Information Technology Services
Information Technology Services

Security Features FAQs

Why does my name appear in the URL sent to me in an email?

ATP Link Scanning is keyed to an individual recipients mailbox. When you receive and email with a rewritten link, the URL is unique to you. If an email is later determined to be malicious, ITS can search the ATP database for all users who clicked an unsafe link and notify them to change their password or run a scan for malware on their computer.

Why did I receive a message that did not contain rewritten URLs?

There are a number of reasons why a message may not have been rewritten by Link Scanning. The primary reason is the message was sent from within Office 365. Messages sent in Office 365 do not have their links rewritten.

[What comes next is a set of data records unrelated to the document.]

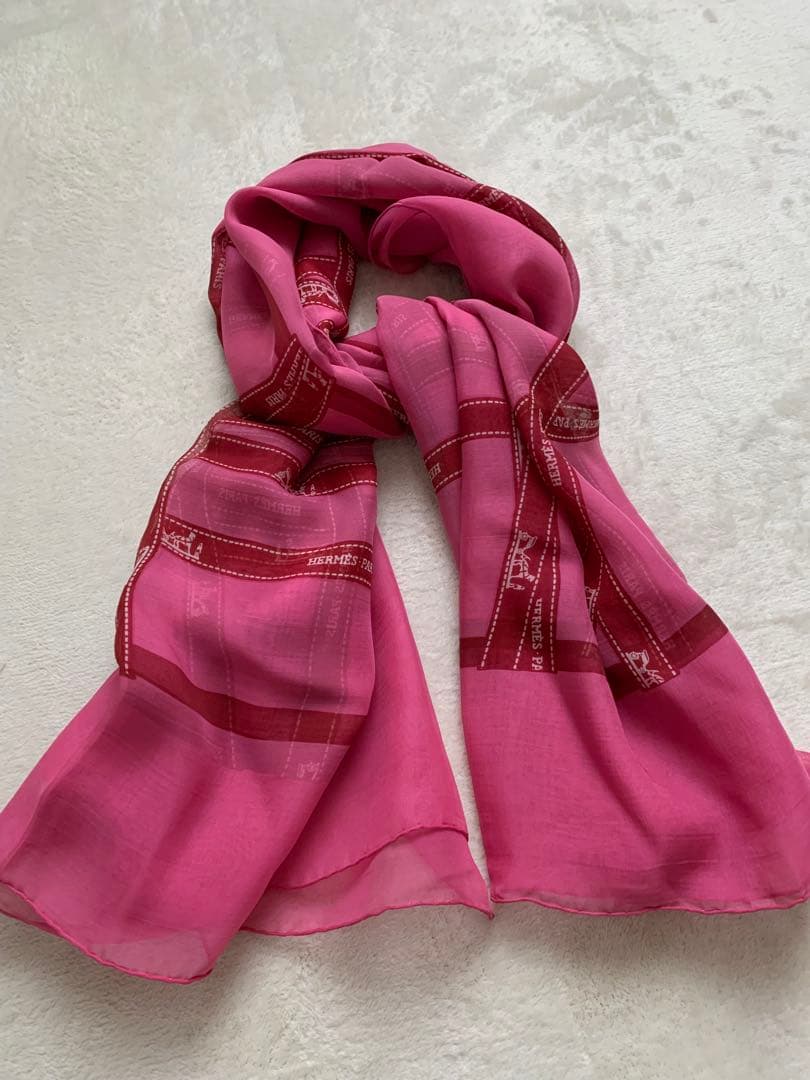 HERMES エルメス☆ ボルデュックリボンピンク⭐︎シルクシフォンストール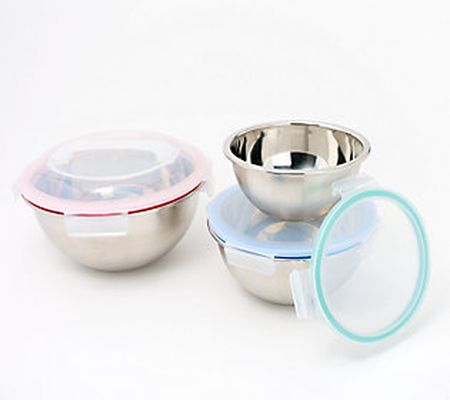 Prepology 3-Pc Microwave Safe Stainless Steel Mixing Bowls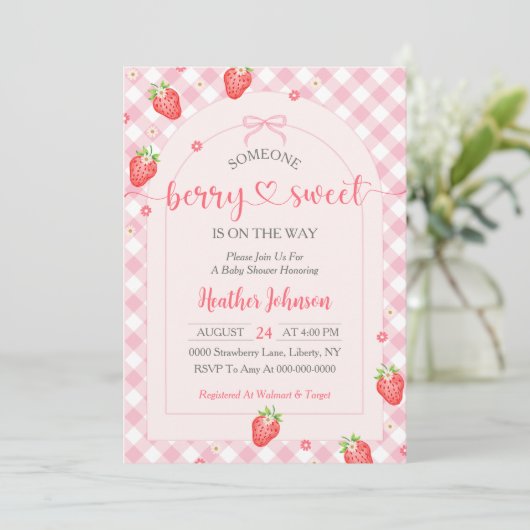 Aardbei Baby Meisje Baby Shower Kaart (Staand voorkant)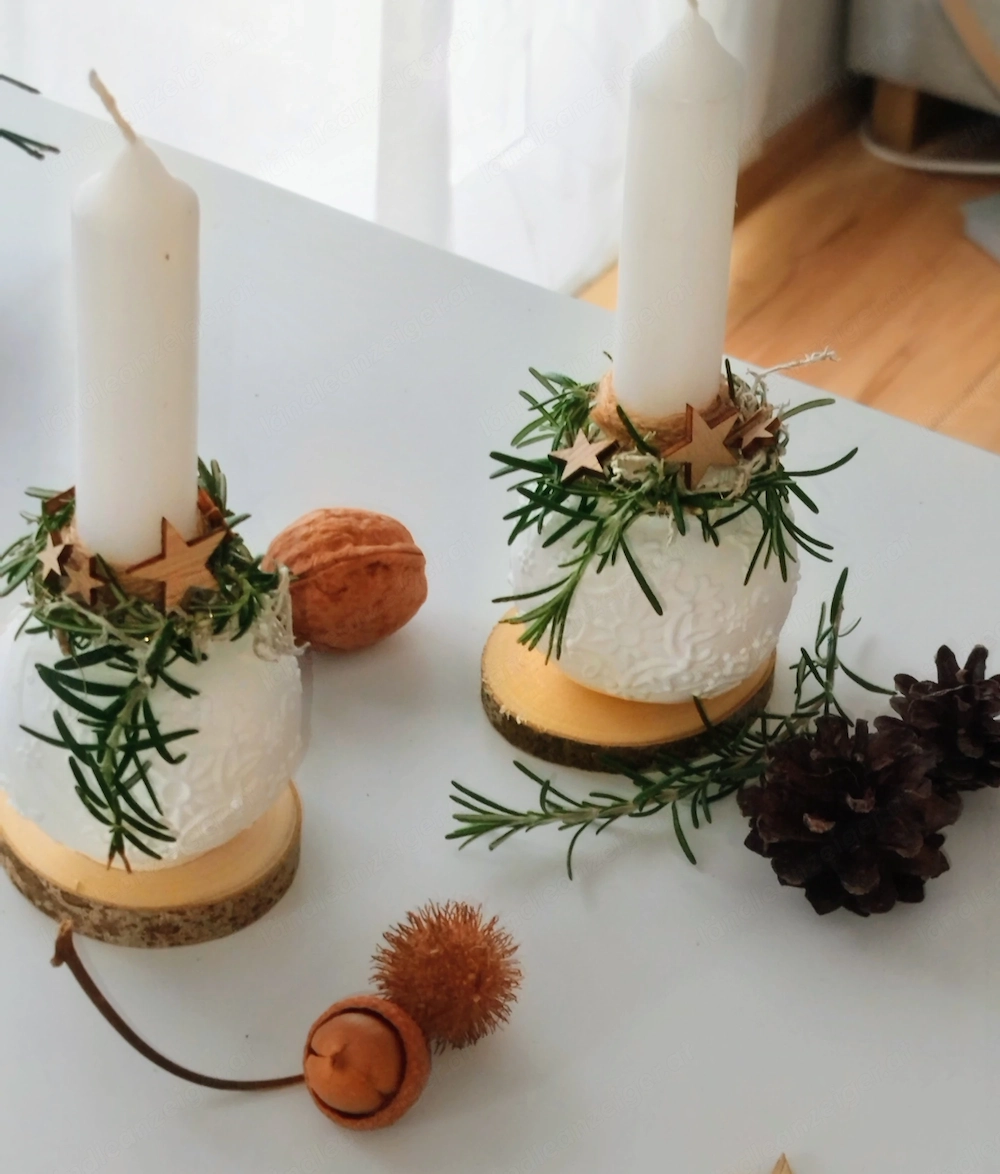 Deko Tisch 2 Kerzenständer mit Kerzen neu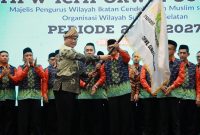 Wakil Gubernur Sumsel Mawardi Yahya saat menghadiri Pelantikan Majelis Pengurus Wilayah (MPW) Ikatan Cendikiawan Muslim se-Indonesia (ICMI)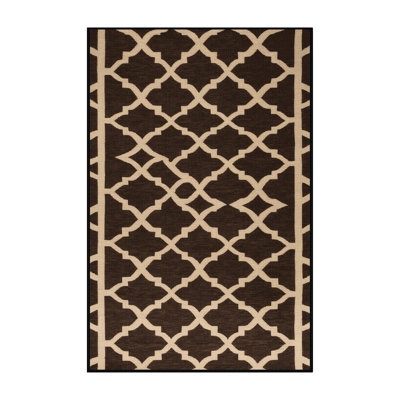 Machine Washable Trellis Black Area Rug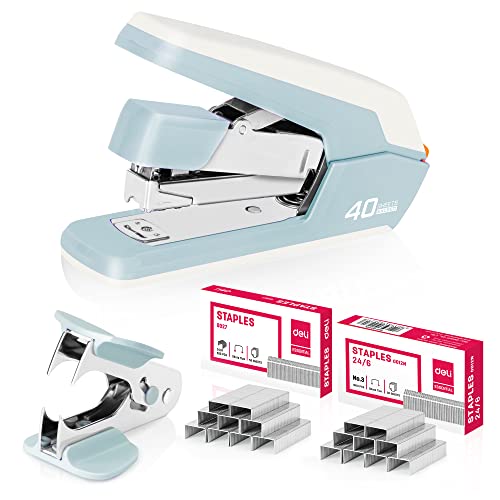 Deli Effortless Desktop Stapler, Heavy Duty Stapler, 40-50 Sheet Capacity, One Finger, No Effort, Includes Staples & Staple Remover, Blue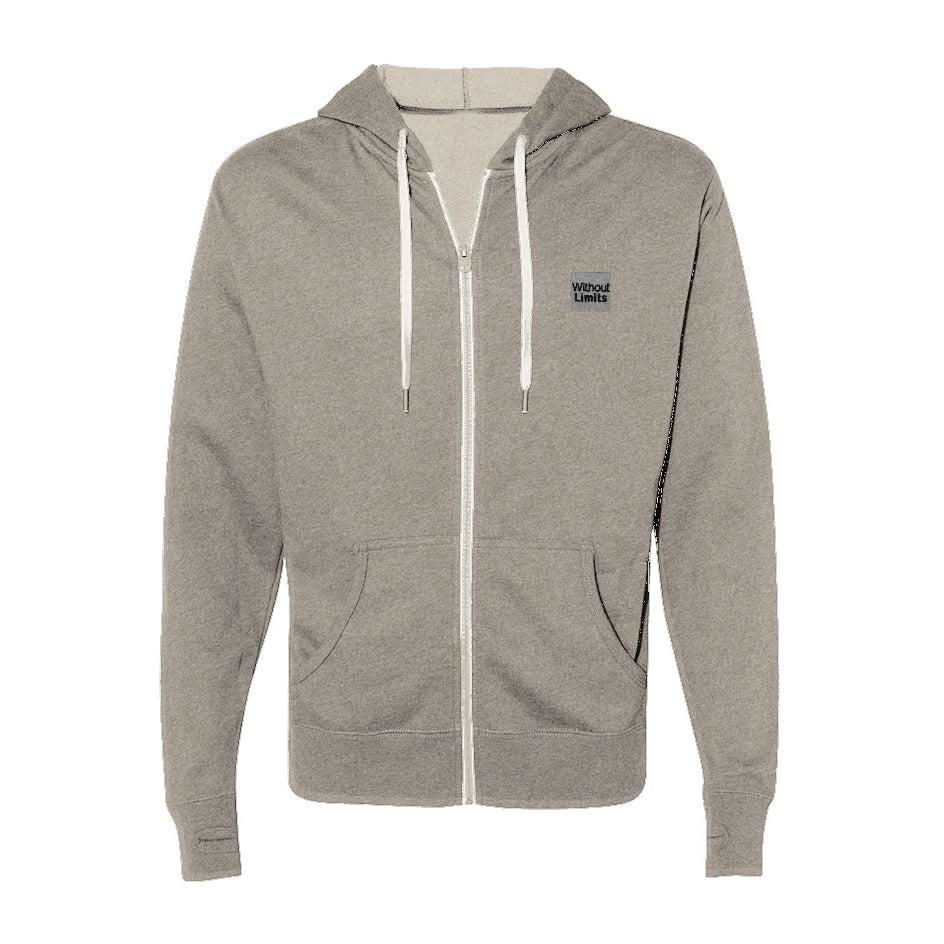 Heathered French Terry Full-Zip Hooded Sweatshirt - Without Limits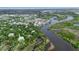 Expansive aerial view showcasing the neighborhood, river, and lush greenery surrounding the property at 5935 River Forest Cir, Bradenton, FL 34203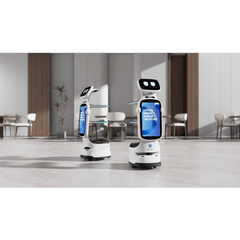 Robot de Entrega Automatizado / Área de Cobertura Máxima 200*200? / Velocidad de Movimiento Ajustable 0.1~1.0 m/s / Colaboración Multi-robot Hasta 20 Robots / Batería de Ion de Litio Ternaria / Pantalla de Publicidad 18.5 pul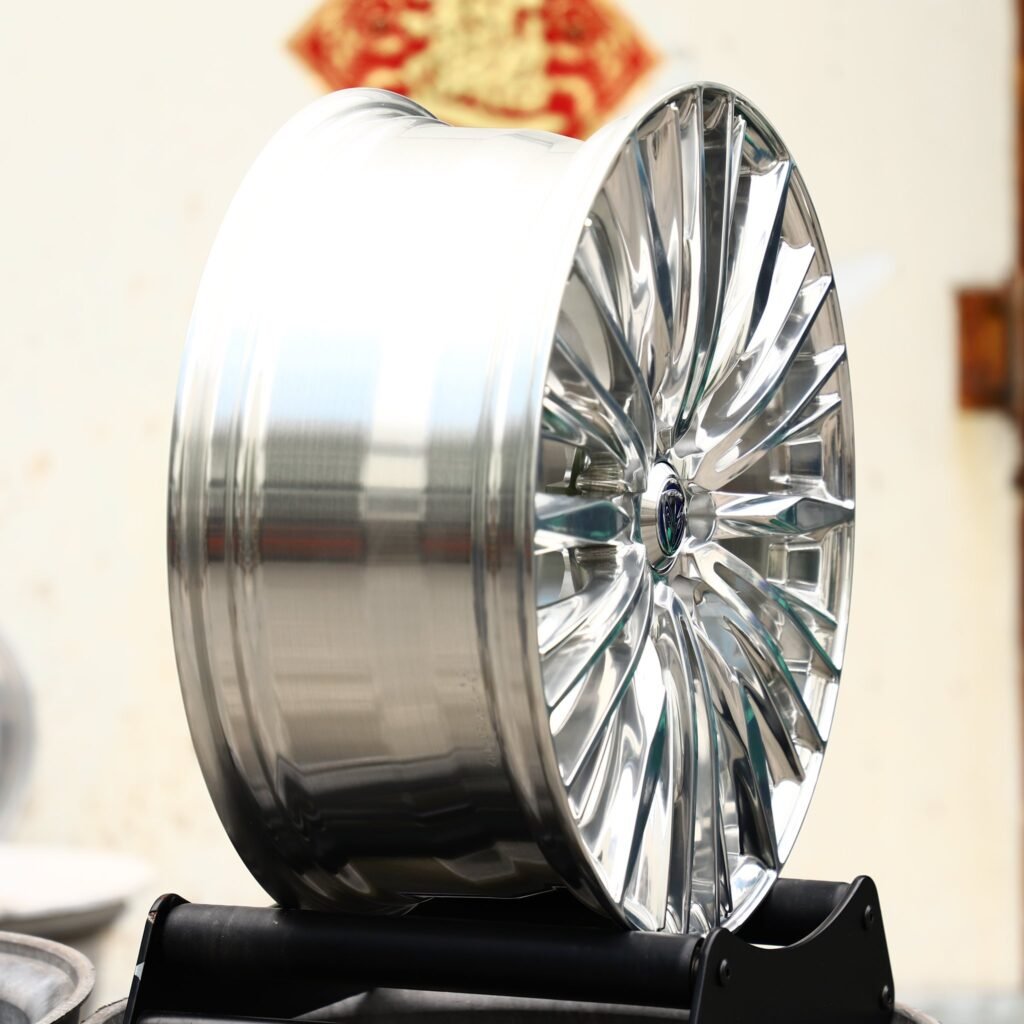 5x112 wheels – Bright Silver Multi-Spoke (Ram OEM-Style), side view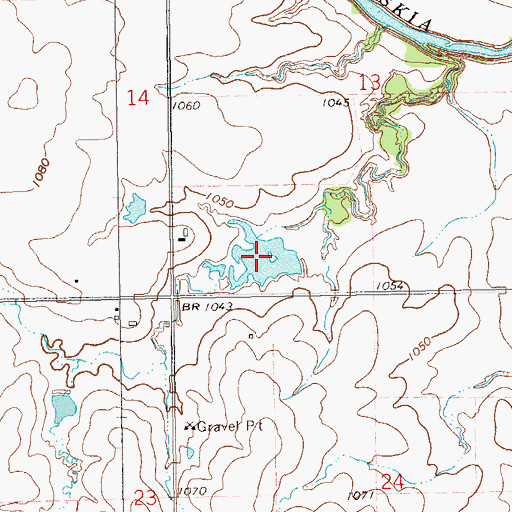 Topographic Map of Oknoname 071002 Reservoir, OK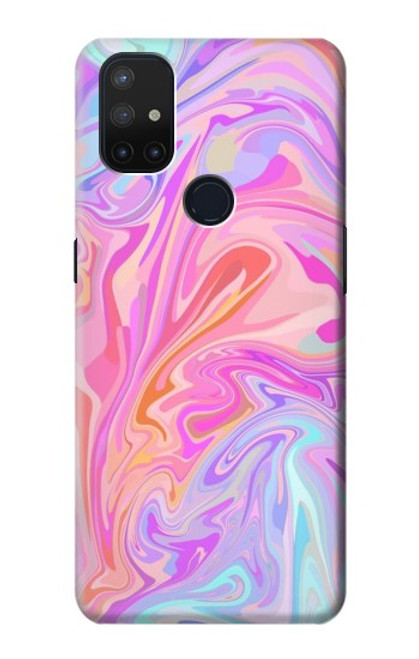 W3444 Digital Art Colorful Liquid Hard Case and Leather Flip Case For OnePlus Nord N10 5G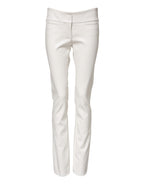 White Polyurethane High Waist Tapered Pants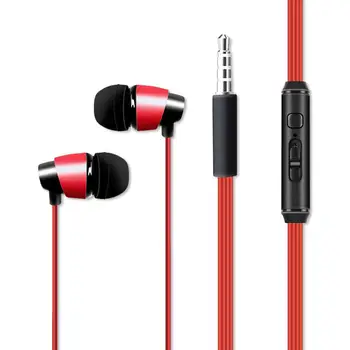 

1.2m 3.5mm Flat Noodle Cable In-ear Wired Earphone with Mic for iPhone iPad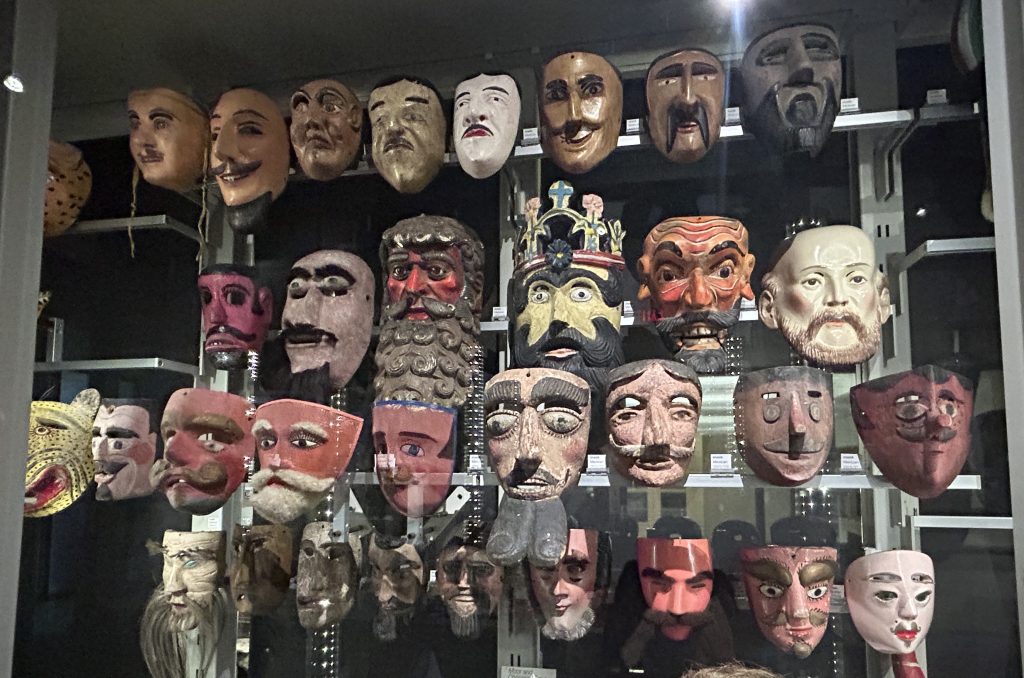 Wall of masks from Mexico on display at the Museum of Anthropology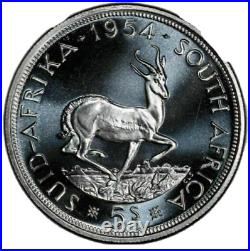 South Africa, 1954 Elizabeth II Five Shillings, 5 Shillings. PCGS PR 67. Crown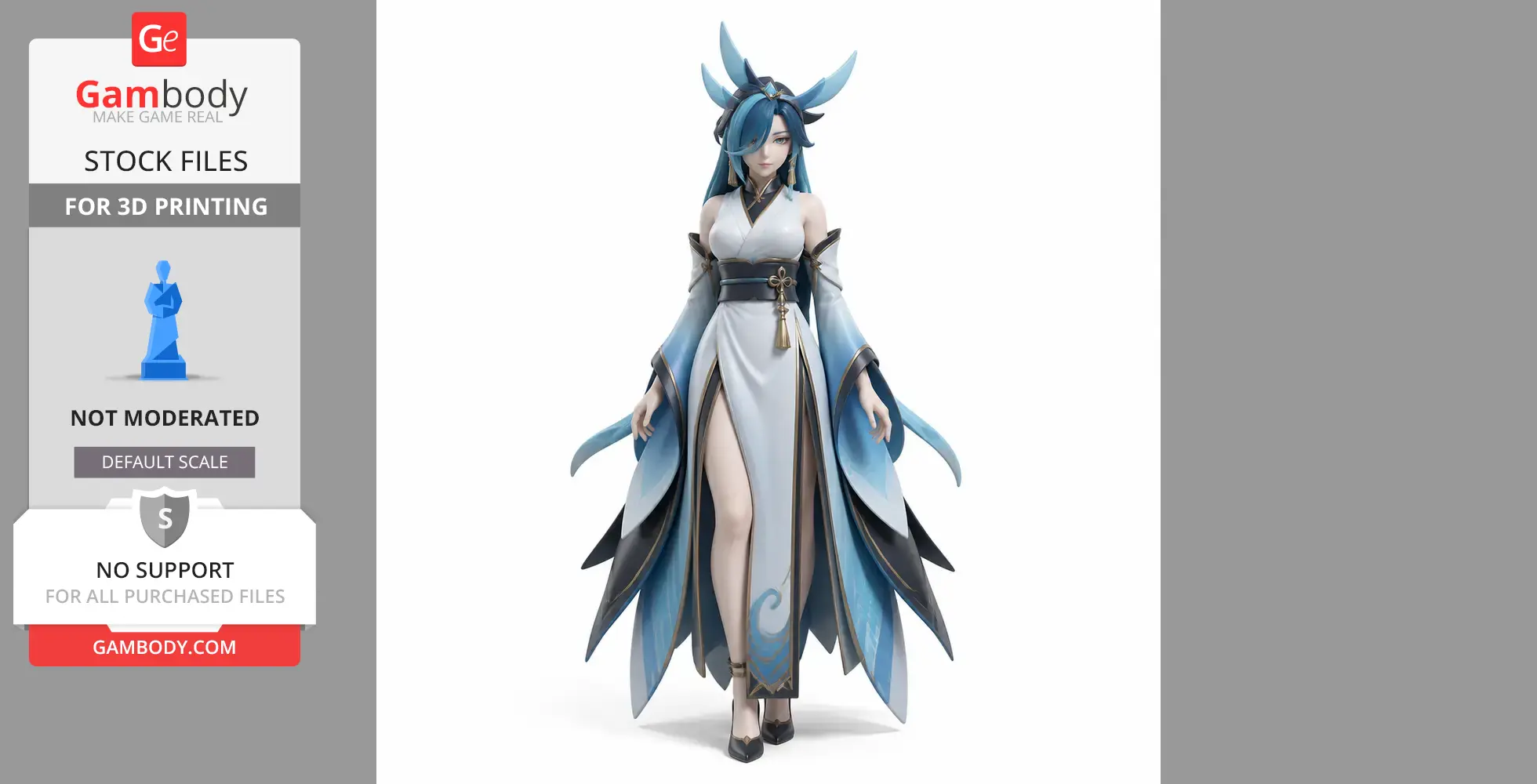 A fantasy figure with long blue hair, wearing a flowing blue robe with horn-like headpiece.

Other reasons may include that the email was encrypted or digitally signed which prevents Link Scanning, or the message contains URLs that have been exempt from Link Scanning.

I received the red warning screen when I clicked a link - what do I do?

  1. Take a look at the site noted on the warning page, does it appear to be where you were expecting to go? Can you contact the sender to verify?
  2. If you do not want to visit this site, select "Close This Page", you may want to contact the user who sent you the email to make them aware they are sending unsafe links.
  3. If you do need to go to the site, select "Continue to this website", be vigilant on the site for signs of downloads or phishing. 

I received a phishing email where the link still works

Forward the email to abuse@queensu.ca. Add the word "Phish" to the subject line. ITS will add the URL to the unsafe link list to block users from accessing it and report it to Microsoft.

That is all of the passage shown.